* **WHAT THIS TASK INVOLVES**: Set it all down exactly, every record and every line.

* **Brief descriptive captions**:
•••••

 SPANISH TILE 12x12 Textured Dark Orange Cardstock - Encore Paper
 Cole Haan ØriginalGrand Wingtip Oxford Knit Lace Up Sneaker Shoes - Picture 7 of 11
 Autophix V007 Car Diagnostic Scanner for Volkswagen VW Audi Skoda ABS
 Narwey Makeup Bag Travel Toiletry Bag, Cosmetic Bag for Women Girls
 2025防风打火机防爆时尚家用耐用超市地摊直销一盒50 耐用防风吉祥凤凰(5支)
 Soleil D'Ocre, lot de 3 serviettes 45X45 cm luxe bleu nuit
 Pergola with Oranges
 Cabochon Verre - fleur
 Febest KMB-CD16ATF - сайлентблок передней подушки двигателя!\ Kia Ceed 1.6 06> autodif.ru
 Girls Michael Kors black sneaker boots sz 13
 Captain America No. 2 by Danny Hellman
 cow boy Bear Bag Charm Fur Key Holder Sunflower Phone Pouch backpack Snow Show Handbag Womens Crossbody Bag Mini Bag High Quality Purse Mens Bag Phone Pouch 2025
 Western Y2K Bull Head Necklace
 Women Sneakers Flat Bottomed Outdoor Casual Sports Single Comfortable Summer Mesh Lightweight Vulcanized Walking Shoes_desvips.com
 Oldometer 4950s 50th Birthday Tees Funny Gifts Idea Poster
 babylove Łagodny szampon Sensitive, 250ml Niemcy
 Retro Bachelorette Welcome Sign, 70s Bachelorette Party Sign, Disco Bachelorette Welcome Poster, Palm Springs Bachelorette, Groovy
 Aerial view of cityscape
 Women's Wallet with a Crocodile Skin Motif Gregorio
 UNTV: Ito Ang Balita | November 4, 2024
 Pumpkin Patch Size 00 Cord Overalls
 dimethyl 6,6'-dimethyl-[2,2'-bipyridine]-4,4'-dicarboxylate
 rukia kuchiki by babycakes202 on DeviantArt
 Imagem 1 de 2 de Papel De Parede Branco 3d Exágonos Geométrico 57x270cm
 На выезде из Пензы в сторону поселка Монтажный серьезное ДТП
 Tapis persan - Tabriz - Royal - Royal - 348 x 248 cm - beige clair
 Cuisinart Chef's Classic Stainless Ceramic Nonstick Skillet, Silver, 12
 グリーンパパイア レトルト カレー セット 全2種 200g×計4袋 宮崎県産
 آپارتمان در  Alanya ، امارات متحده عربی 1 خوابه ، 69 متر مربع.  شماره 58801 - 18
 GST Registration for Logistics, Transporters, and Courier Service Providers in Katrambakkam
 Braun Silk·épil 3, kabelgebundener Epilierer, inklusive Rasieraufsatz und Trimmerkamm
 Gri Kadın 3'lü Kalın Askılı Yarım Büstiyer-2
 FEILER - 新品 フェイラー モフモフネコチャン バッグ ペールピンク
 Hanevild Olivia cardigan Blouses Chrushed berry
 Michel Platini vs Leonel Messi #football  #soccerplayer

•••••

* **SOLVED PROBLEM**:
 SPANISH TILE 12x12 Textured Dark Orange Cardstock - Encore Paper
 Cole Haan ØriginalGrand Wingtip Oxford Knit Lace Up Sneaker Shoes - Picture 7 of 11
 Autophix V007 Car Diagnostic Scanner for Volkswagen VW Audi Skoda ABS
 Narwey Makeup Bag Travel Toiletry Bag, Cosmetic Bag for Women Girls
 2025防风打火机防爆时尚家用耐用超市地摊直销一盒50 耐用防风吉祥凤凰(5支)
 Soleil D'Ocre, lot de 3 serviettes 45X45 cm luxe bleu nuit
 Pergola with Oranges
 Cabochon Verre - fleur
 Febest KMB-CD16ATF - сайлентблок передней подушки двигателя!\ Kia Ceed 1.6 06> autodif.ru
 Girls Michael Kors black sneaker boots sz 13
 Captain America No. 2 by Danny Hellman
 cow boy Bear Bag Charm Fur Key Holder Sunflower Phone Pouch backpack Snow Show Handbag Womens Crossbody Bag Mini Bag High Quality Purse Mens Bag Phone Pouch 2025
 Western Y2K Bull Head Necklace
 Women Sneakers Flat Bottomed Outdoor Casual Sports Single Comfortable Summer Mesh Lightweight Vulcanized Walking Shoes_desvips.com
 Oldometer 4950s 50th Birthday Tees Funny Gifts Idea Poster
 babylove Łagodny szampon Sensitive, 250ml Niemcy
 Retro Bachelorette Welcome Sign, 70s Bachelorette Party Sign, Disco Bachelorette Welcome Poster, Palm Springs Bachelorette, Groovy
 Aerial view of cityscape
 Women's Wallet with a Crocodile Skin Motif Gregorio
 UNTV: Ito Ang Balita | November 4, 2024
 Pumpkin Patch Size 00 Cord Overalls
 dimethyl 6,6'-dimethyl-[2,2'-bipyridine]-4,4'-dicarboxylate
 rukia kuchiki by babycakes202 on DeviantArt
 Imagem 1 de 2 de Papel De Parede Branco 3d Exágonos Geométrico 57x270cm
 На выезде из Пензы в сторону поселка Монтажный серьезное ДТП
 Tapis persan - Tabriz - Royal - Royal - 348 x 248 cm - beige clair
 Cuisinart Chef's Classic Stainless Ceramic Nonstick Skillet, Silver, 12
 グリーンパパイア レトルト カレー セット 全2種 200g×計4袋 宮崎県産
 آپارتمان در  Alanya ، امارات متحده عربی 1 خوابه ، 69 متر مربع.  شماره 58801 - 18
 GST Registration for Logistics, Transporters, and Courier Service Providers in Katrambakkam
 Braun Silk·épil 3, kabelgebundener Epilierer, inklusive Rasieraufsatz und Trimmerkamm
 Gri Kadın 3'lü Kalın Askılı Yarım Büstiyer-2
 FEILER - 新品 フェイラー モフモフネコチャン バッグ ペールピンク
 Hanevild Olivia cardigan Blouses Chrushed berry
 Michel Platini vs Leonel Messi #football  #soccerplayer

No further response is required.